Examination of Witnesses (Questions 100
- 105)
THURSDAY 22 MARCH 2001
MR PAUL
BALEN, MS
ROSE IRWIN,
MISS BRENDA
LIVSEY AND
MS MAXINE
HEASMAN
100. I am sorry, I thought you said in your
earlier evidence that your operation was for remedial purposes?
(Ms Livsey) It was, yes.
101. I suppose it could be cosmetic. Could you
in theory have had that operation if you had wished to at the
time on the National Health Service?
(Ms Livsey) To tell you the truth, before I left for
the US I did not even know that they existed.
102. When you came back could you have had that
operation in theory on the NHS?
(Ms Livsey) No.
(Ms Irwin) I think there was a time, if I might just
come in on this, when if a patient could go and see a psychiatrist,
if they were a psychiatric patient, and the psychiatrist said
it would behove them to have the operation they could but, I mean,
who wants to actually go and see a psychiatrist. Then when the
people wanted them removed, back to the psychiatrist and so on.

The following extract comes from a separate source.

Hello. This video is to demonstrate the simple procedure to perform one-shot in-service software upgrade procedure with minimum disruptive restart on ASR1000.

This is very embarrassing. The psychiatrist would condone this
and say "Yes, she does". Some would and some would not.
I think that was what tended to happen then if it was to be done
on the National Health, a psychiatrist came into the picture very
often.
(Ms Livsey) I did not feel justified to approach the
NHS.
103. I was wondering as a matter of fact whether
the operation could have been carried out on the National Health
Service?
(Ms Livsey) I do not think my doctor would have agreed
anyway.
Dr Stoate
104. Just briefly for information, Chairman.

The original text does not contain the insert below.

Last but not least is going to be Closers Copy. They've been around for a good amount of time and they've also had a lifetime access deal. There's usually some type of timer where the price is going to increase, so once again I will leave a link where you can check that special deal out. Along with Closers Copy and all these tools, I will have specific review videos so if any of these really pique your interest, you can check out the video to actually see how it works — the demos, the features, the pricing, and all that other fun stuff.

The NHS does pay for breast reductions in certain situations.
In terms of breast reconstruction, it will pay if there has been
destructive surgery, radiotherapy, it will pay then. It will also
pay if there are congenital defects, if somebody, for example,
is born with the absence of one breast, the NHS will cover that.
The NHS has always covered a certain amount of it but only for
medical reasons. It does not need a psychiatrist, the GP is able
to refer people to plastic surgeons for those reasons. If it is
deemed cosmetic the NHS does not pay.
(Ms Livsey) It does.
(Ms Heasman) It depends where you live. I know this
for a fact, it does not matter what your circumstances are, it
is where you live and whether that area health authority will.

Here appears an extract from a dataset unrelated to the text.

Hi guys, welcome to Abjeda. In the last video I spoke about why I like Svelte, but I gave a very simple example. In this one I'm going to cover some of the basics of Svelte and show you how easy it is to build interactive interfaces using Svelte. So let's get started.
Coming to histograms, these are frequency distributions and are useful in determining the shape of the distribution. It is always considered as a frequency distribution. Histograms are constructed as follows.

14 per cent of the women I surveyed attempted to get their breast
augmentation done on the NHS but were unsuccessful and only three
per cent of those were referred to a psychologist.
Chairman
105. Are there any further questions from colleagues
or any further points that the witnesses want to add, issues we
did not pick up with you that you thought we might? Ms Heasman?
(Ms Heasman) I only just want to say, I am going to
blow my own trumpet here, why not? I have been doing this for
over five years now. As I said in my text, a lot of companies,
surgeons, etc, do not tell women of my existence because I paint
the picture warts and all. I am not here to say "Breast implants
are great, you should go and have them done". I am not here
to say also that they are bad and you should not have them done.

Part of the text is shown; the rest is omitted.